Funnell suggests that dataops must also show they can drive data and systems improvements. He says, “Dataops is concerned with the automation of the data processing life cycle that powers data integration and, when used properly, allows quick and reliable data processing changes.”
Barr Moses, CEO and cofounder of Monte Carlo Data, shares a similar perspective. “After speaking with hundreds of data teams over the years about how they measure the impact of data quality or lack thereof, I found that two key metrics—time to detection and time to resolution for data downtime—offer a good start.”
Moses shares how dataops teams can measure downtime. “Data downtime refers to any period of time marked by broken, erroneous, or otherwise inaccurate data and can be measured by adding the amount of time it takes to detect (TTD) and resolve (TTR), multiplied by the engineering time spent tackling the issue.”
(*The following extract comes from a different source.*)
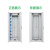 中胜威 DF840  加厚式控制架体 综合存储落地架柜 冷轧钢板模块化管理2600x840x300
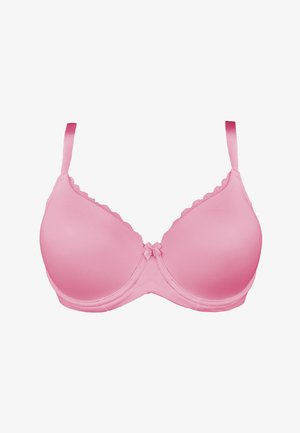 SugarShape, SUGARSHAPE BH PURE BASIC CONSCIOUS - Underwired bra - mauve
Measuring downtime is one approach to creating a dataops key performance indicator tied to financial performance. Moses adds, “Inspired by tried and tested devops measurements, TTD, TTR, and data downtime eases quantifying the financial impact of poor data quality on a company’s bottom line.”
Differentiate with data timeliness and real-time dataops
Kunal Agarwal, cofounder and CEO of Unravel Data, says dataops must aspire to exceed basic data quality and availability metrics and look to more real-time capabilities. He says, “While most data quality metrics focus on accuracy, completeness, consistency, and integrity, another data quality metric that every dataops team should think about prioritizing is data timeliness.”
Timeliness captures the end-to-end data flow from capture, processing, and availability, including supplier and batch processing delays. Agarwal explains, “Reliable timeliness metrics make it much easier to assess and enforce internal and third-party vendor SLAs and ultimately provide a direct line to improved and accelerated data analysis.”
Swan agrees about the importance of improving data timeliness. He says, “Dataops should also focus on guaranteeing speed and timeliness so that users can access up-to-date data across any environment. The data is only as good as its ability to keep up with business needs in near real time.”
For many organizations, getting business leaders to trust the data, improve reliability, and enable closer to real-time data delivery may be aspirational. Many companies have a backlog of data debt issues, significant dark data that’s never been analyzed, and an overreliance on spreadsheets.
So, if you work in dataops, there’s plenty of work to do. Applying data quality metrics can help drum up support from the business, data scientists, and technology leaders.